The Directive lays down norms on 5 tax areas:
Interest limitation rule
Exceeding borrowing costs (i.e. the amount by which the deductible borrowing costs of a taxpayer exceed taxable interest revenues and other economically equivalent taxable revenues that the taxpayer receives according to national law) are deductible in the tax period in which they are incurred only up to 30 percent of the taxpayer's earnings before interest, tax, depreciation and amortisation (EBITDA).
The Directive also sets out certain derogations from the general rule mentioned above, as for example, depending on the value of the exceeding borrowing costs at group level, on whether the taxpayer is part of a consolidated group for financial accounting purposes, for loans which were concluded before 17 June 2016 or used to fund a long-term public infrastructure project, etc.
The possibility of carrying forward / backward the exceeding borrowing costs is left to the discretion of each Member State.
Exit taxation rule
The exit taxation rules included in the Directive provide for the obligation of paying tax (computed on the difference between the market value of the transferred assets, at the time of exit of the assets, and their tax value), in certain situations, such as cross-border transfers of assets, transfer of tax residence, transfer of business. This tax will be due insofar as, further to the respective transfer, the Member State from which the transfer is carried out would no longer have the right to tax the transferred assets.
Furthermore, the Directive includes the possibility to defer the payment of the exit tax, by paying it in instalments over five years, in certain conditions.
General anti-abuse rule (GAAR)
The Directive provides that, for the purposes of computing the corporate tax liability, the tax authorities of the Member States will not take into consideration an arrangement or a series of arrangements which, having regard to all relevant facts and circumstances, are not genuine and have been put into place for the main purpose or one of the main purposes of obtaining a tax advantage that defeats the object or purpose of the applicable tax law.
Controlled foreign company (CFC) rule
The norms regarding the taxation of CFCs provide for the reattribution to the parent company of the non-distributed income of a controlled foreign subsidiary or permanent establishment which are subject to lower or no taxes. As such, the parent company will become taxable for this income attributed in the Member State in which it is tax resident.

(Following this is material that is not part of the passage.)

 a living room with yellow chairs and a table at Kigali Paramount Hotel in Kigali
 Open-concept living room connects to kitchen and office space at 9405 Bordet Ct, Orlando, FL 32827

The Directive provides that the Member State of the taxpayer shall include in the tax base:
I. certain categories of non-distributed income, such as dividends, royalties, interest, income from disposal of shares, income from financial leasing, from insurance, banking and other financial activities or income from invoicing companies which add no or little economic value; or
II. the non-distributed income of the entity or permanent establishment arising from non-genuine arrangements which have been put in place for the essential purpose of obtaining a tax advantage.
Treatment of hybrid mismatch arrangements
To neutralise the effects of hybrid mismatch arrangements, the Directive introduces two rules governing the hybrid arrangement, depending on their results:
I. to the extent that a hybrid mismatch results in a double deduction, the deduction shall be given only in the Member State where such payment has its source;
II. to the extent that a hybrid mismatch results in a deduction without inclusion in the tax base, the Member State of the payer shall deny the deduction of such payment.
Member States will have until 31 December 2018 to transpose the Directive into their national laws and regulations, except for the exit taxation rules, for which they will have until 31 December 2019.